Linguistic and Orthographic Errors – Grammar, tense, agreement, and punctuation problems that affect clarity or formality.
This taxonomy was applied consistently across both short and long sentence evaluations to track specific strengths and weaknesses in each model.
Qualitative error analysis -Short sentence
We selected 22 short Kashmiri-English sentence pairs from diverse domains and linguistic patterns to evaluate how each NMT model performs on simpler constructions. Table 6 compares the outputs from all three models using our five-category error taxonomy and highlights model-specific strengths and weaknesses.
The evaluation of short sentence translations reveals important insights into the linguistic and semantic behavior of the models, even in structurally simple inputs. While shorter sentences are syntactically less complex, they still demand precision in referential clarity, morphological agreement, and lexical accuracy—areas where low-resource models often underperform. The Basic NMT model, though more fluent here than on longer sequences, frequently produced errors in WH-word usage, kinship terms, and subject identification. Examples such as “are these your brothers” or “your son is…” in place of expected translations demonstrate high rates of Meaning and Interpretation Errors (Category 2) and Linguistic and Orthographic Errors (Category 5), suggesting poor contextual grounding and vocabulary generalization.
The Attention-based model exhibited improvements in fluency and alignment, producing fewer malformed outputs. However, it still introduced Content and Structure Modification Errors (Category 3), such as generalizing “boys” as “children” or altering the scene context by adding information not present in the source. These shifts reflect stronger syntactic control but insufficient filtering of semantic transformations. While less catastrophic than in the Basic model, such errors can still affect reliability in real-world usage where precise role or domain information matters.
The Transformer model performed most consistently, generating fluent and largely accurate outputs across most examples. It preserved structure, tone, and lexical integrity with few exceptions. However, it occasionally softened or paraphrased input (e.g., “how are you” rendered as “how are you doing”, or “daughter” generalized as “relative”), reflecting Fidelity and Appropriateness Errors (Category 4). These shifts were subtle but illustrate that even high-performing models may reinterpret input in ways that change formality, specificity, or pragmatic tone.
Overall, this analysis demonstrates that short sentence translation is not trivial, especially in morphologically rich, low-resource language pairs like Kashmiri-English. Despite their simplicity, short inputs require precise handling of morphology, kinship structures, and referential language. The Transformer model clearly outperforms earlier architectures, but qualitative error patterns show that semantic approximations and stylistic shifts persist. This underscores the need for fine-grained, manual evaluation to complement automatic scoring and better understand model limitations in real-world translation scenarios.
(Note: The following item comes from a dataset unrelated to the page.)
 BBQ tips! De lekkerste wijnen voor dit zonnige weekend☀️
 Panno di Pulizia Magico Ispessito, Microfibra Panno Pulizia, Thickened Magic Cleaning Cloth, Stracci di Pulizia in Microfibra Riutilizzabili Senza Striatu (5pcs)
Qualitative error analysis – long sentences
We evaluated 9 long Kashmiri-English sentence pairs, each containing compound or subordinate clauses, idiomatic expressions, or long-distance dependencies. These examples were selected to test the models’ ability to preserve discourse structure, syntactic coherence, and semantic fidelity under increased complexity. Table 7 illustrates the translations produced by each model, annotated with the relevant error category and commentary.
In contrast to the shorter sentence cases, long sentence translations expose more pronounced divergences in model behavior, particularly with regard to morphosyntactic complexity, clause coordination, and discourse-level meaning. The Basic NMT model consistently failed to preserve grammatical structure and semantic intent, often generating incoherent or entirely unintelligible outputs. For example, constructions such as “i am thinking my to i father is a a pradesh” and “the are been a institutes of the united…” reflect frequent Fundamentally Inaccurate Translation (Category 1) and Linguistic and Orthographic Errors (Category 5). These breakdowns indicate that the model struggles with long-range dependencies, clause integration, and information density, which are common challenges in translating longer inputs in low-resource settings.
The Attention-based model demonstrated improved clause segmentation and grammatical fluency, producing outputs that were structurally coherent but still semantically inconsistent. Key issues included Meaning and Interpretation Errors (Category 2) and Content and Structure Modifications (Category 3). In several examples, referential ambiguity or lexical substitution altered the intended meaning—for instance, translating “debt securities” as “copper security” or conflating familial roles like “uncle” and “parent.” These outputs suggest that while attention mechanisms enhance syntactic alignment, they remain vulnerable to semantic drift when handling compound and embedded structures.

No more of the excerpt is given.